Termination by franchisee

In what circumstances may a franchisee terminate a franchise relationship?

The rules applicable to termination are the same for franchisors and franchisees (see question 32). In its recent ruling on 28 February 2018, the Paris Court of Appeals ordered a franchisee to pay damages to the franchisor due to wrongful termination, on grounds that ‘the voluntary cessation’ of the franchisee’s activity was not grounds for early termination under the terms of the agreement.

Renewal

How are renewals of franchise agreements usually effected? Do formal or substantive requirements apply?

Franchise agreement are subject to the common rules of contract law and are not necessarily concluded for a fixed-term duration. Generally, parties conclude a franchise agreement for a period of five to 10 years and provides a specific clause specifying the terms and conditions of the renewal of the franchise agreement. Thus, formal or substantive depends on what in indicated in such specific provisions.

Franchisee has usually no automatic right to renew its franchise agreement. Thus, courts often rule that franchisor shall not be liable whether it decides not renew the franchise agreement. (Court of Appeals, Paris, 12 January 2005, 03/02283; Court of Appeals Versailles, 24 January 2017, No. 15/00955) Besides, the franchisor does not have to justify its decision not to renew the franchise agreement and the franchisee usually cannot claim no compensation (Court of Appeals Versailles, 14 March 2017, No. 15/00146). In the case of renewal of a franchise agreement with a fixed-term, in any event, such renewal involves a new franchise agreement and therefore, the franchisor has to provide the franchisee with a new pre-contractual information document.

Refusal to renew

May a franchisor refuse to renew the franchise agreement with a franchisee? If yes, in what circumstances may a franchisor refuse to renew?

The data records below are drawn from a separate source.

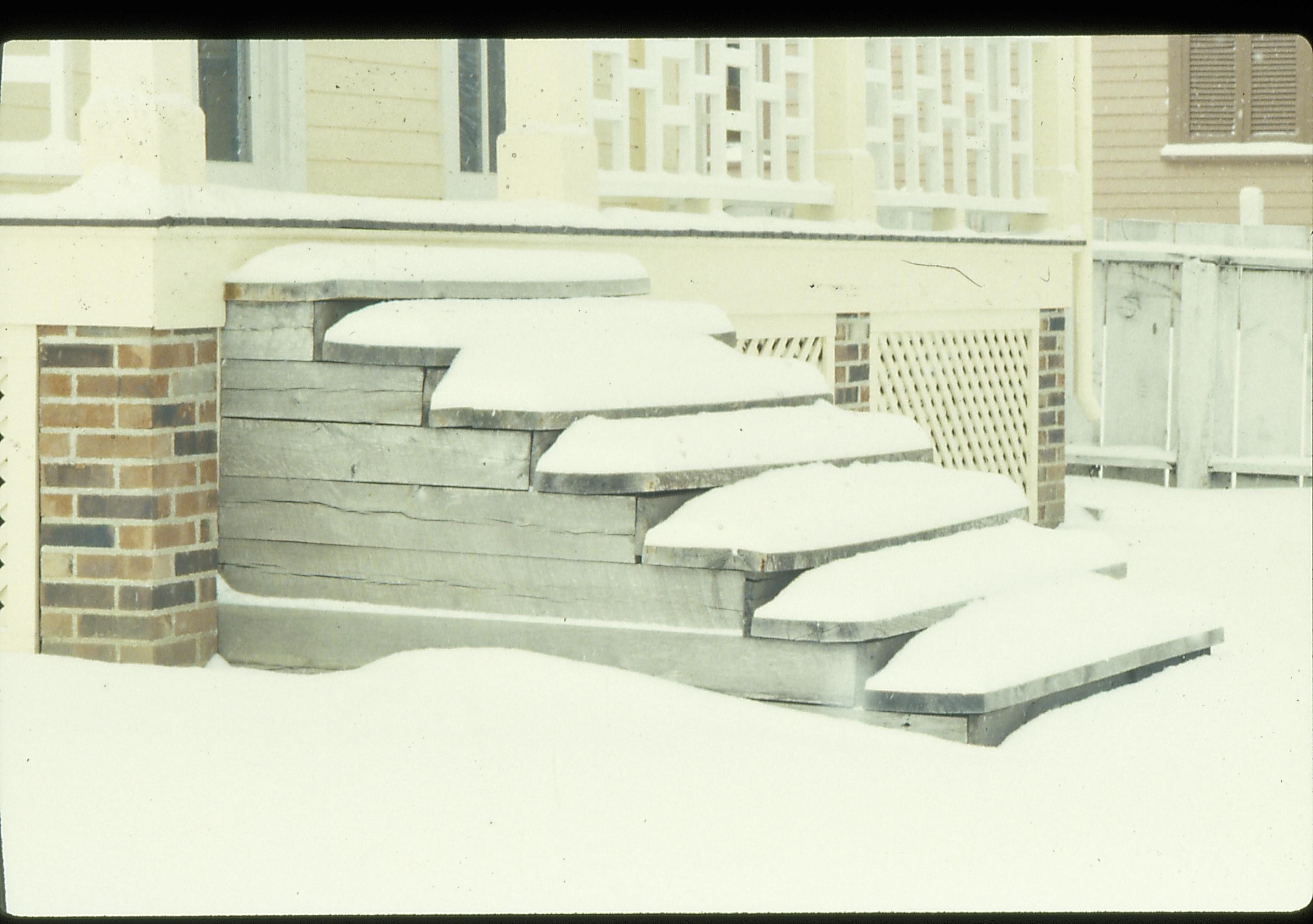 Shutt House Lincoln Home NHS- Shutt House, 22 Shutt House, snow, steps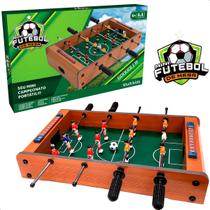 Futebol Pebolim de Mesa Infantil Portátil Multikids - BR2072 Futebol Pebolim de Mesa Infantil Portátil Multikids - BR2072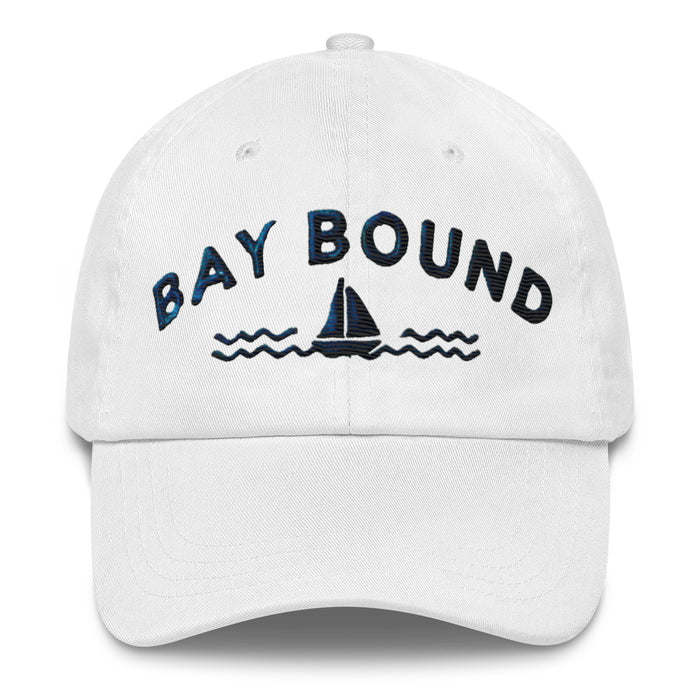 Bay Bound Embroidered Dad Hat - Low Profile, Adjustable Strap, Coastal Style Maryland Hat Chesapeake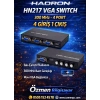 HADRON HN217 VGA SWITCH 300 MHZ 4 PORT 4 GİRİŞ 1 ÇIKIŞ DÜĞMELİ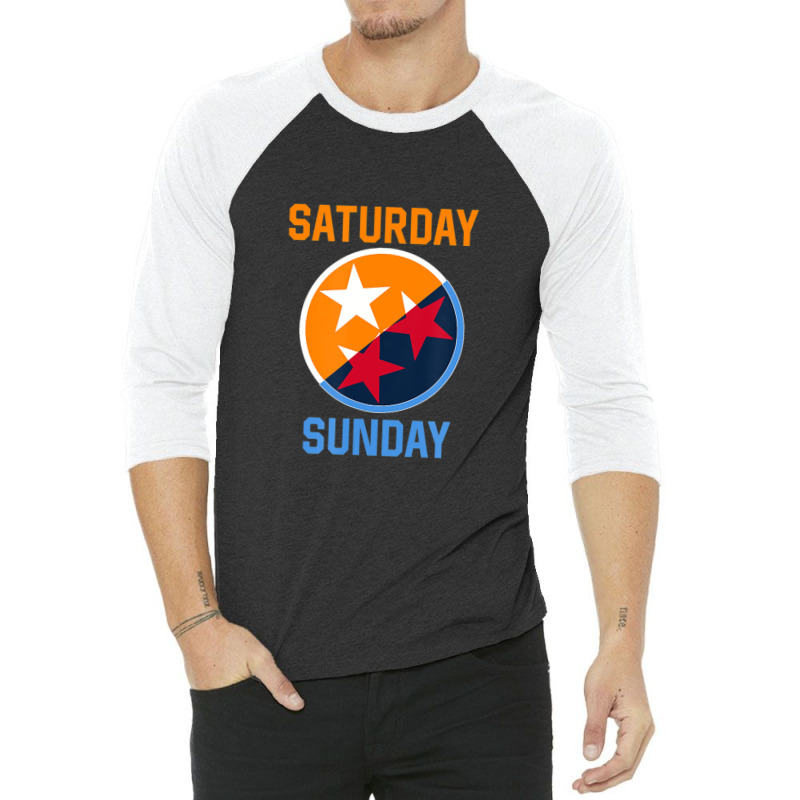 Tennessee Weekend Fan Of The Vols Football Orange White Flag 1 3/4 Sleeve Shirt by MickeyRobison | Artistshot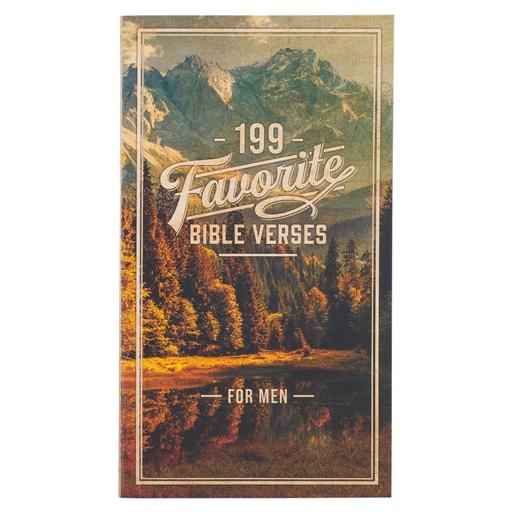 [FBV022] 199 Favourite Bible Verses For Men Scenery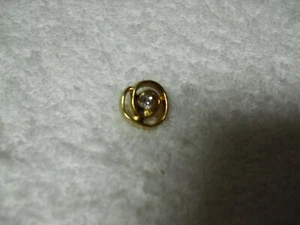 Knöpfe 6 Stück gold mit Straßstein 1,2cm Kunststoff Restposten !!! - Bild 1 von 1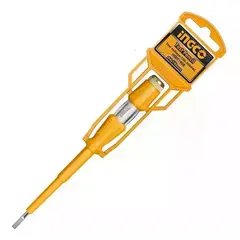 INGCO - Medidor Detector Probador De Voltaje 100-500v Destorni Amarillo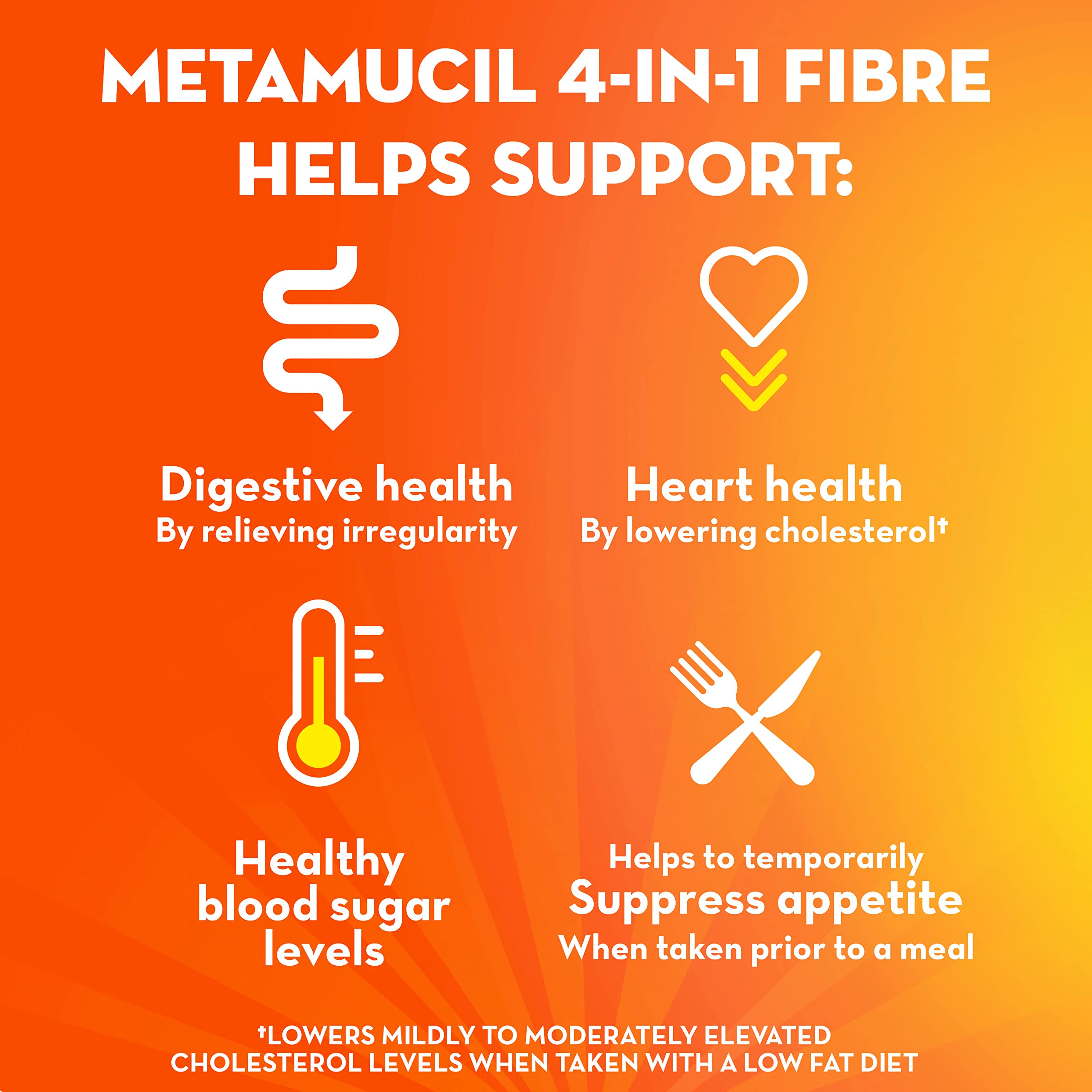 Metamucil Sugar-Free Psyllium Fibre Supplement 283g packaging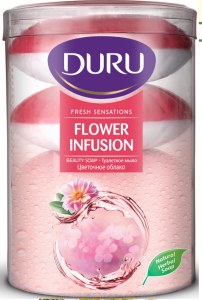 Мыло DURU Fresh Sensations Цветочное облако, 4*110 гр.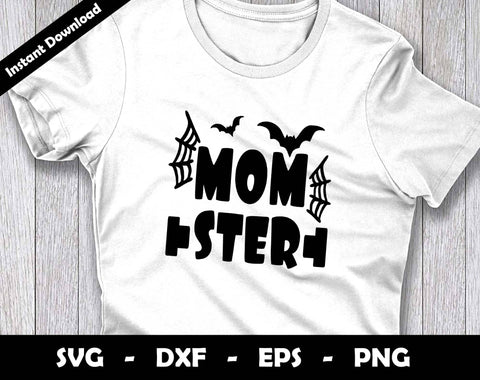 Momster SVG Cut File, Halloween Momster SVG Design SVG Arthur Arellano 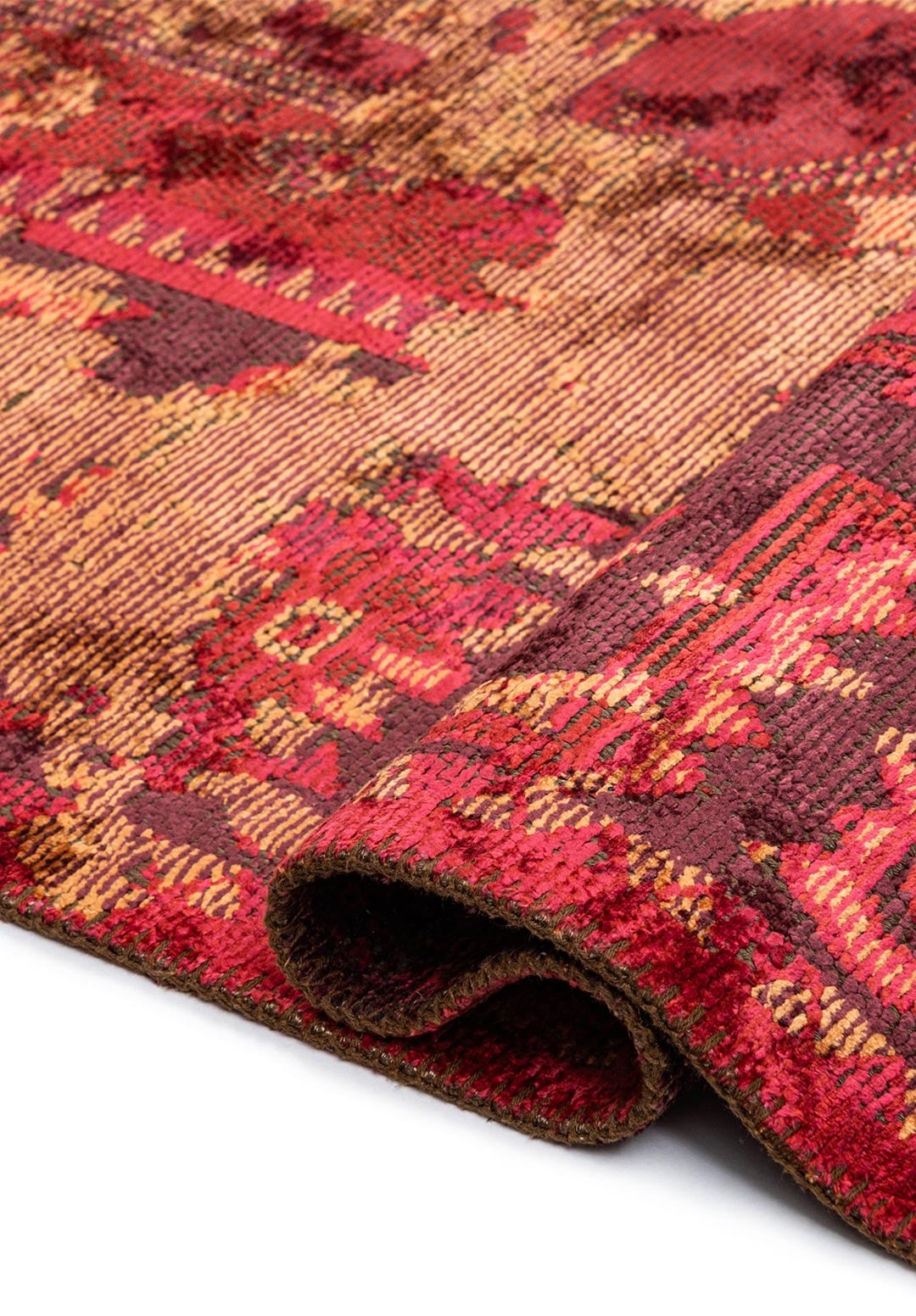 MONARCH ERA TERRA - CHERRY - RED - MAGENTA RUG - 2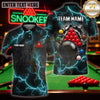 Maxcorners Pool Clothing Dynamic Lightning Strike Art Multicolor Customized Name 3D Shirt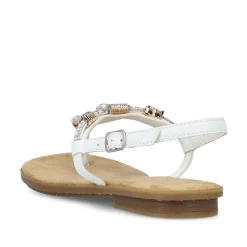 Rieker Women'S Strappy Sandals In Crystal White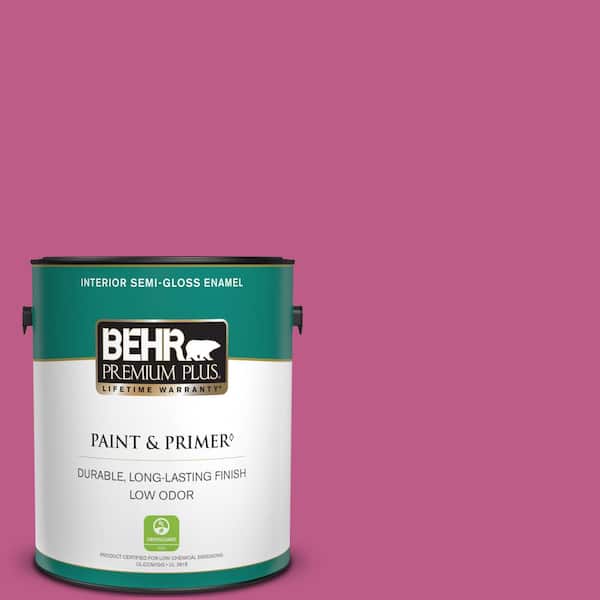 BEHR PREMIUM PLUS 1 gal. #P120-5 Beauty Queen Semi-Gloss Enamel Low Odor Interior Paint & Primer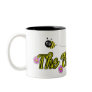 the bee lady with flowers coffee mugs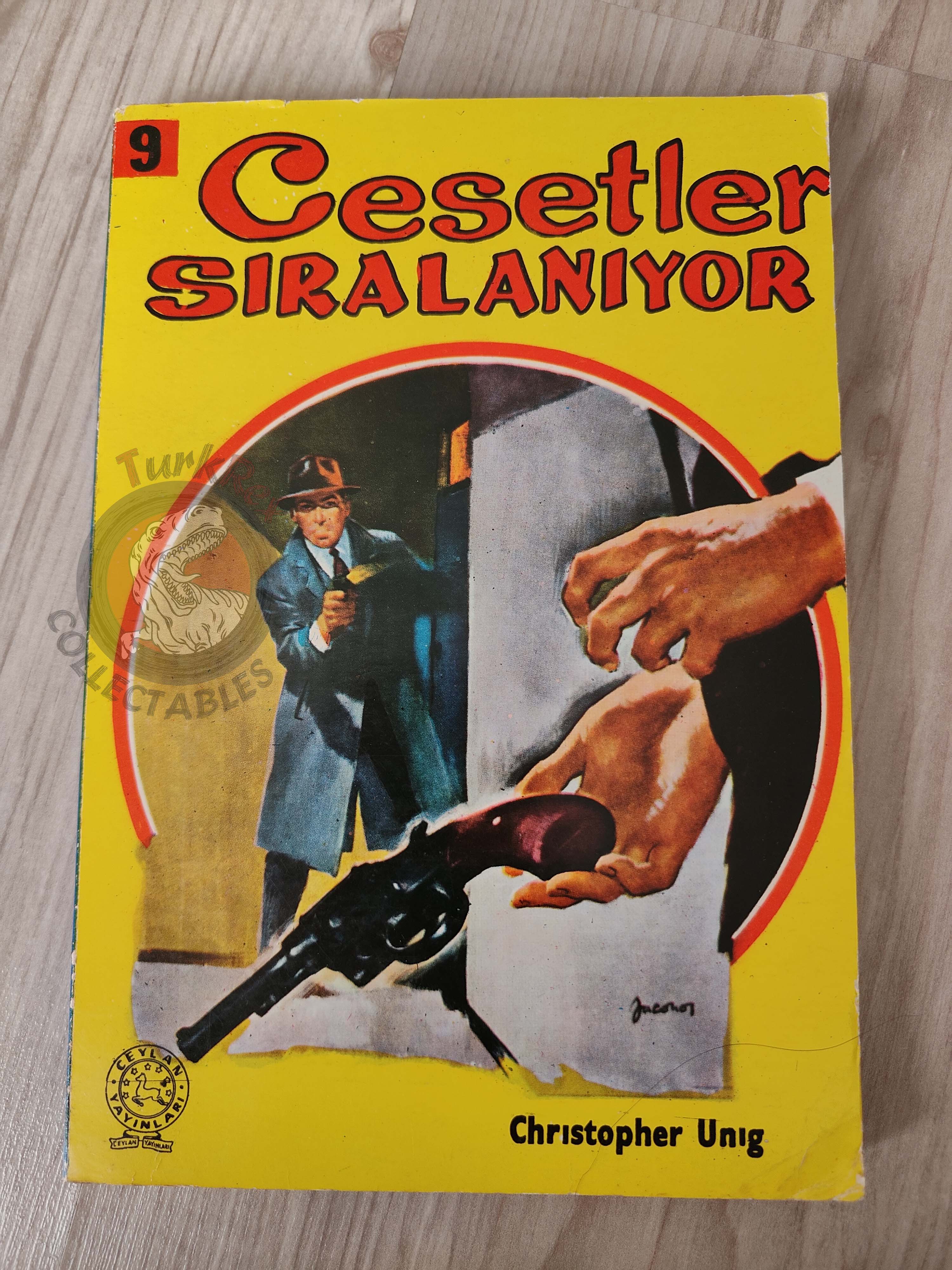 Christopher Monig – The Burned Man 1963 1st Turkish Book Turkey Uniq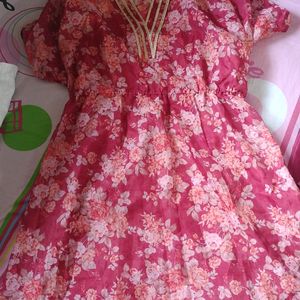 Kaftan  Kurti With Inner Xl Size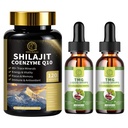 TMG (trimethylglycine) Supplement Liquid Drops & Shilajit Capsules with Sea Moss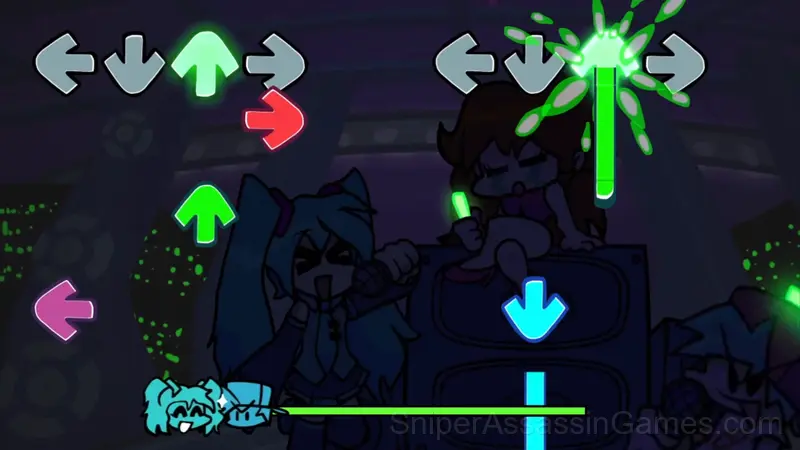 Friday Night Funkin vs Miku gameplay screenshot 4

Unless otherwise contractually agreed, the franchisee has no right to obtain the renewal of the franchise agreement when the latter has been entered into for a fixed term and been performed through to its term and any notice that is owed contractually or legally has been respected. This principle is now enshrined in section 1212(2) of the Civil Code (‘No-one may require the renewal of the contract’). Accordingly, unless the refusal to renew is unfair or sudden, the franchisor will not be liable for any indemnity payment on the mere basis of non-renewal, even in the absence of cause for non-renewal. The franchisor is under no obligation to give reasons for the decision not to renew. The franchisor’s liability can only be incurred if the decision not to renew the agreement constituted an abuse of right, such abuse having to be demonstrated by the franchisee. Proof of the abuse of the right cannot be brought simply on the basis of the expression of a refusal, the unjustified nature of such refusal, proposing the signature of a different agreement, the mere fact that there is an economic imbalance between the parties or the franchisor’s decision to prioritise the opening of branches in developing the franchise. Lastly, abuse of the right not to renew the franchise agreement may constitute an ‘intentional wrongdoing’ by the licensor (Supreme Court, commercial division, 4 September 2018). Case law in liability cases claiming abusive non-renewal by the franchisor primarily involve the reorganisation of distribution networks.

Transfer restrictions

May a franchisor restrict a franchisee’s ability to transfer its franchise or restrict transfers of ownership interests in a franchisee entity?

A franchise agreement is typically deemed to be concluded intuitu personae, at least as regards the franchisee. This being the case, in the absence of a clause permitting transfers of the franchise agreement, the franchisee cannot transfer the agreement without the consent of the franchisor. It is, of course, possible to contractually restrict the franchisee’s ability to transfer its franchise by requiring, for example, the franchisor’s approval in case of the sale of the franchisee’s business. Contrary to the transfer of the franchise agreement, transfers of ownership in a franchisee entity (change of control), inasmuch as that legal entity remains the same, do not infringe the intuitu personae nature of the franchise agreement. Unless otherwise provided in the franchise agreement, such a change of control in no way requires the prior approval of the franchisee (Lyon Commercial Court, 12 June 2015).

Fees

Are there laws or regulations affecting the nature, amount or payment of fees?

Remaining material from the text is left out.